Item C — Non-taxable premiums — Enter the non-taxable premiums, net of returned premiums, and whether or not reported to the SLSOT, for policies where Texas is the home state of the insured and where the premiums are exempt or preempted from taxation.
Item D — Other states' premiums — For multi-state policies where Texas is the home state of the insured, enter the total premiums, net of returned premiums, included in Item A that cover risks located outside of Texas. Texas is entitled to tax on 100% of the policy premium when Texas is the home state of the insured; however the reporting of premium by state for risks covered under a multi-state policy is requested for data collection purposes.
Note: Premium reported to the SLSOT in the "Breakdown of States Summary" also includes premium reported to other states.
Item E — Non-taxable premiums — This category does not apply to policies that are effective on or after July 21, 2011.
Item F — Other states' premiums — This category does not apply to policies that are effective on or after July 21, 2011.
Surplus lines agents who received a license during the reporting year must elect one of the tax base options shown.
Title 34 TAC, Rule §3.822, provides specific information on the requirements for reporting surplus lines tax. Agents have the option of reporting tax using a premium-written or premium-received basis and may change their election every four years. An agent who changes from a premium-received to a premium-written basis will owe taxes on all outstanding receivables as of January 1 of the year of the change.
If a tax base election is not made, the premium-written basis is the default.
These premiums will not necessarily match the premiums shown in Section I, because they are based on the premium and tax reporting method chosen in Section II.
The term "premium" includes all premiums, premium deposits, membership fees, registration fees, assessments, dues and any other consideration received for surplus lines insurance.
Texas premiums include premiums written or received for new or renewal Texas or multi-state policies when Texas is the home state of the insured.
Endorsements and audits on surplus lines insurance policies, whether generating additional premium or resulting in a return of premium, must be reported for the tax year in which the endorsement or audit occurs. Do not report these transactions for the tax year in which the original policy was reported. The tax for endorsements and audits that generate return premiums due a policyholder must be calculated using the tax rate that was originally charged.

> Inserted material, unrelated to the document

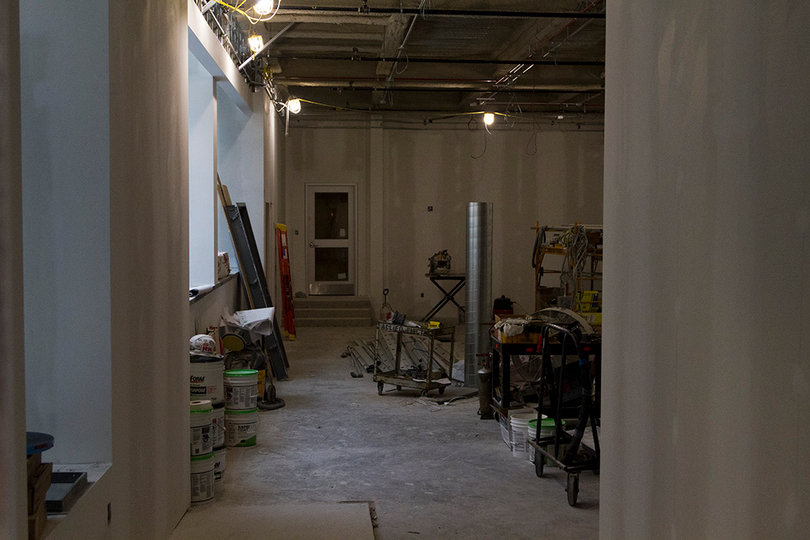A peek inside the construction work being done on Falk College's White Hall. Photo taken July 5, 2017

Exempt premiums are premiums for a surplus lines policy that covers risks or exposures that are properly allocated to federal waters, international waters, or risks or exposures that are under the jurisdiction of a foreign government. Effective Jan. 1, 2014, premiums on risks or exposures under ocean marine insurance coverage of stored or in-transit baled cotton for export are exempt from surplus lines premium tax.

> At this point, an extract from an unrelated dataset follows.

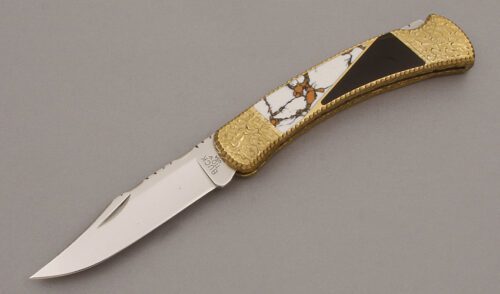 Buck Knives 110 Custom Lockback with White Turquoise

Federal preemptions to state taxation for surplus lines insurance include premiums for policies issued to the following entities: the Federal Deposit Insurance Corporation (FDIC), when it acts as the receiver of a failed financial institution that holds the property being insured; the National Credit Union Administration; a federally chartered credit union; and Indian Tribal Nations. Refer to Publication 94-142 (PDF).

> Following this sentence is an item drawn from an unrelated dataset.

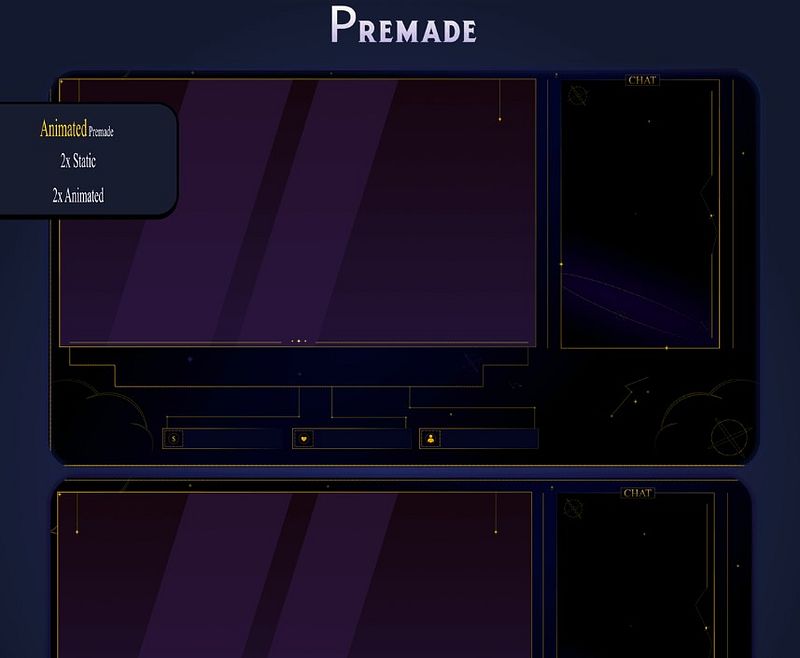 SIMPLE Dark STREAM OVERLAY Celestial, Dark overlay pack, Celestial Animated Overlay, Stream overlay pack, Black and gold Overla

Texas returned premiums - Report the unearned portion of the premium credited or refunded to a policyholder as a result of cancellation or premium adjustment prior to the policy expiration. An agent reporting on the premium received basis will not have returned premiums.
Purchasing groups obtaining coverage from insurers licensed in Texas or surplus lines agents licensed in Texas do NOT owe tax on this report, but must file a zero report.
Purchasing groups obtaining coverage independently through negotiations and procurement occurring outside Texas are subject to tax on the premiums paid for coverage of their members located in Texas.